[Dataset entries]

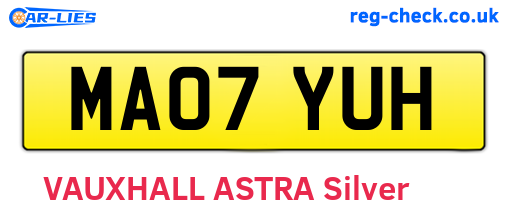 MA07YUH are the vehicle registration plates.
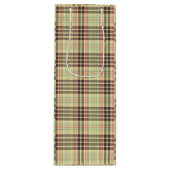 Klassiek plaid ontwerp wijn cadeautas (Voorkant)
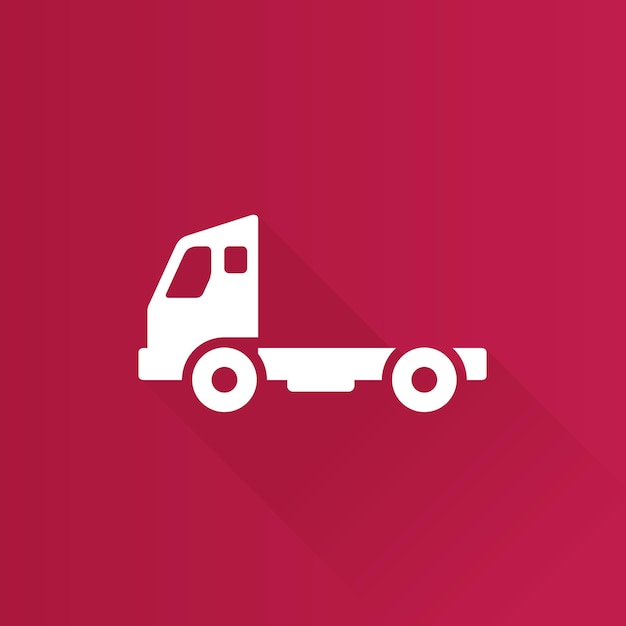 Empty container lift truck flat color icon long shadow vector illustration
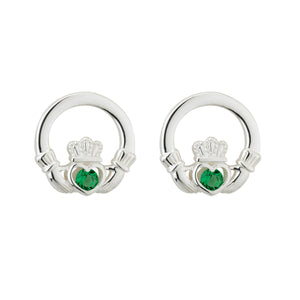 Solvar Sterling Silver Claddagh Green Heart Earrings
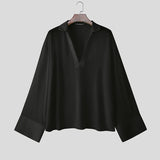 AIDASE  -  Men T Shirt Solid Color V Neck Long Sleeve Loose Casual Male Tee Tops 2025 Streetwear Translucent Fashion Men Clothing aidase-shop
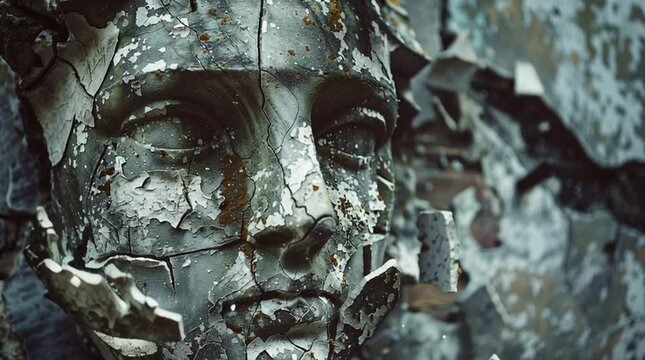 Mysterious Sculpture: A close-up, evocative shot of a weathered and crumbling sculpture head, its face bearing the scars of time and elements, evokes a sense of history.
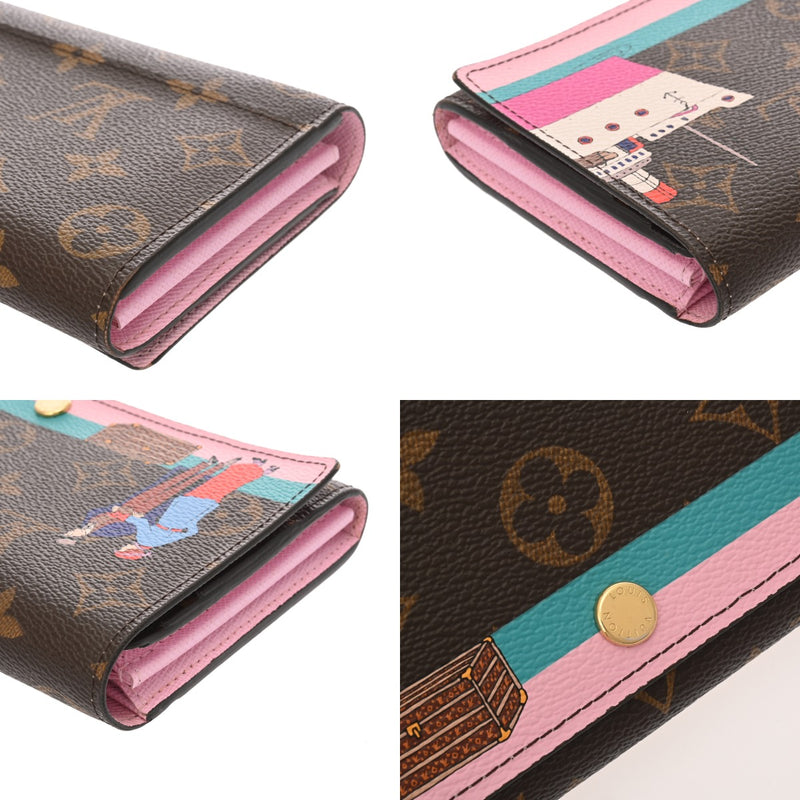 LOUIS VUITTON ルイヴィトン モノグラム ポルトフォイユ サラ イリュストレクルーズ ブラウン ピンク M62137 レディース モノグラムキャンバス 長財布 Bランク 中古 銀蔵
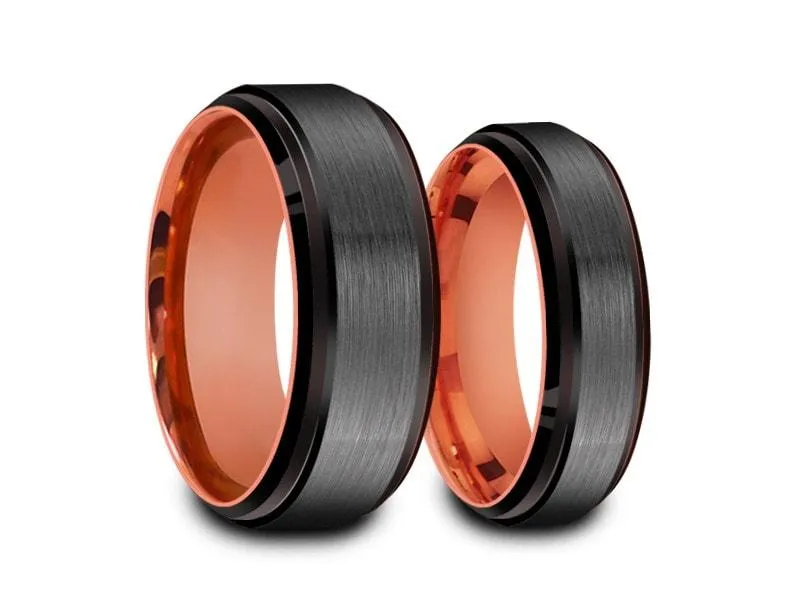 6MM/8MM BRUSHED GRAY GUNMETAL Tungsten Wedding Band Set BLACK EDGES AND ROSE GOLD INTERIOR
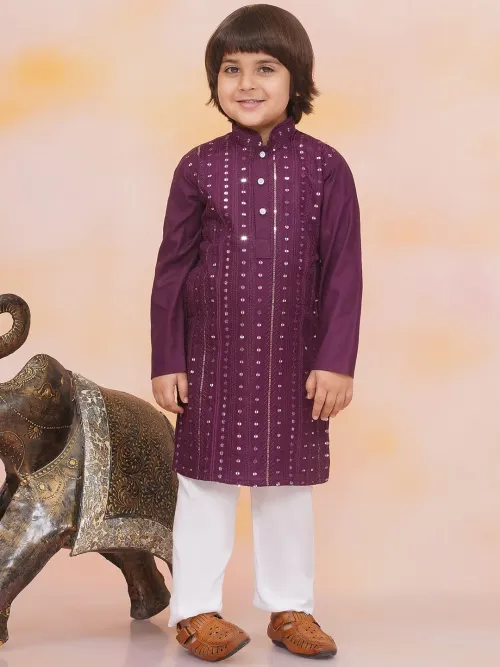 Boys Mirror Shimmer Rayon Kurta and Pyjama Set, Purple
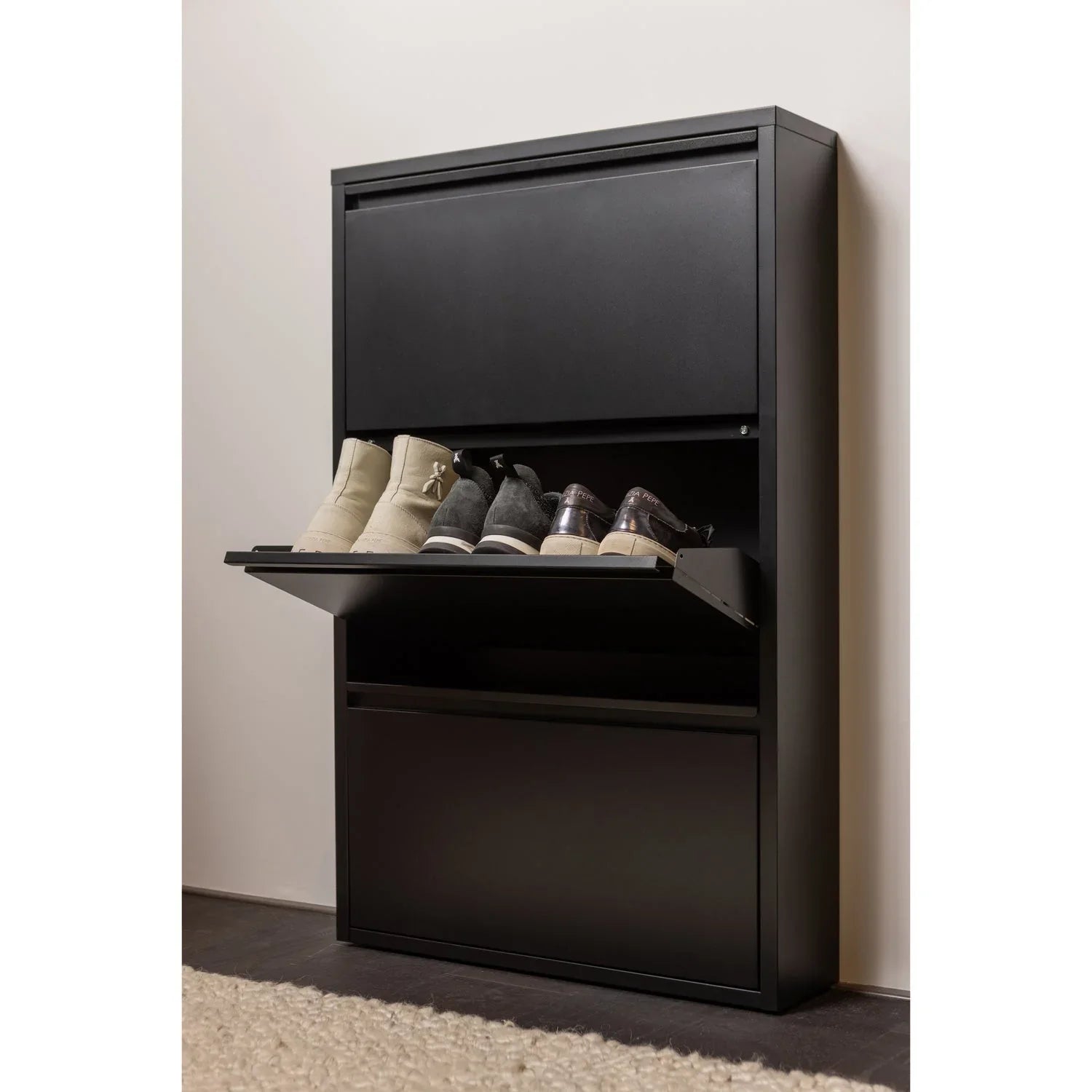 SABINE 3-COMPARTMENT SHOE CABINET METAL BLACK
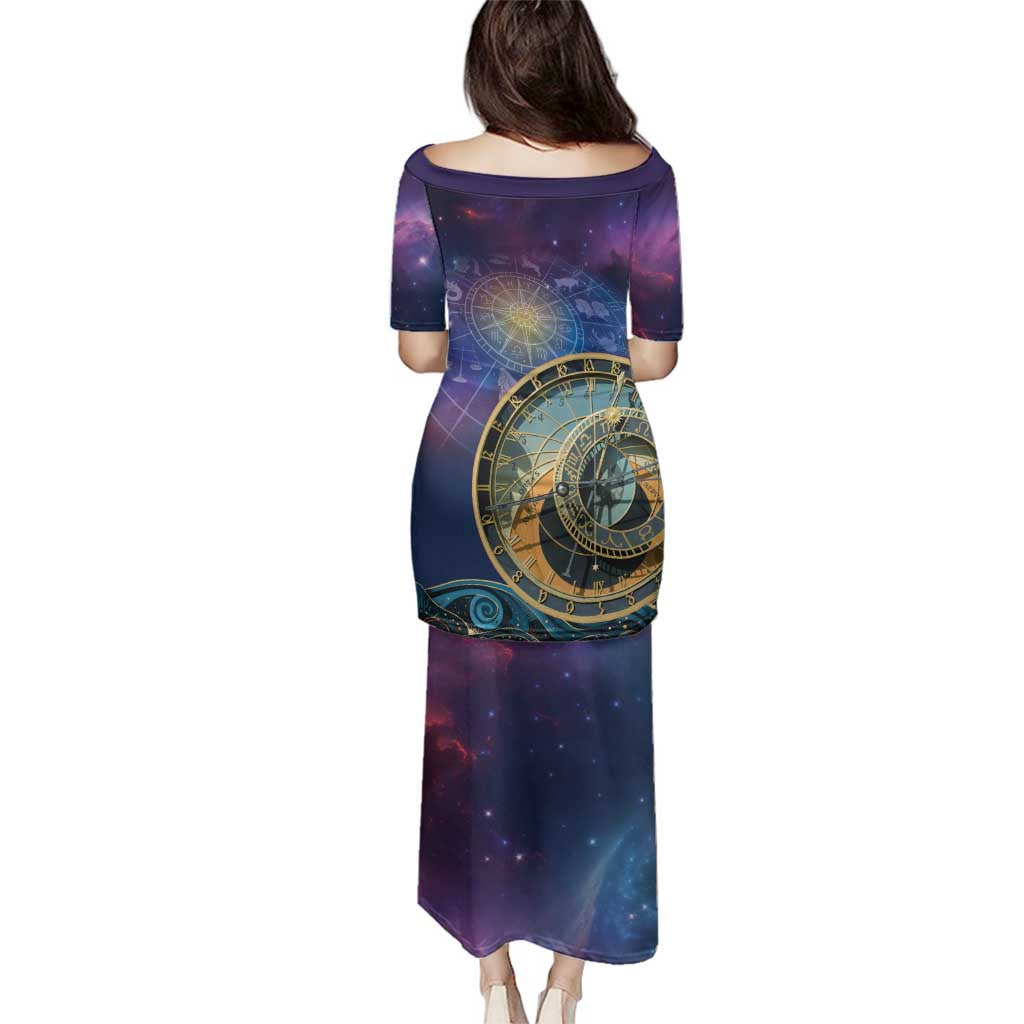 Czech Republic Astronomical Clock Family Matching Puletasi and Hawaiian Shirt Zodiac Signs In Space - Wonder Print Shop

> _Exercise objective_: Above are the records; copy exactly the lines from the one with "Mysterious Sculpture: A" through the one with "SABINE 3-COMPARTMENT SHOE", including both, and nothing more. Leave out pictures.

> _Reply to the task_:
 Mysterious Sculpture: A close-up, evocative shot of a weathered and crumbling sculpture head, its face bearing the scars of time and elements, evokes a sense of history.
 LOUIS VUITTON ルイヴィトン モノグラム ポルトフォイユ サラ イリュストレクルーズ ブラウン ピンク M62137 レディース モノグラムキャンバス 長財布 Bランク 中古 銀蔵
 6MM/8MM BRUSHED GRAY GUNMETAL Tungsten Wedding Band Set BLACK EDGES AND ROSE GOLD INTERIOR
 Boys Mirror Shimmer Rayon Kurta and Pyjama Set, Purple
 SABINE 3-COMPARTMENT SHOE CABINET METAL BLACK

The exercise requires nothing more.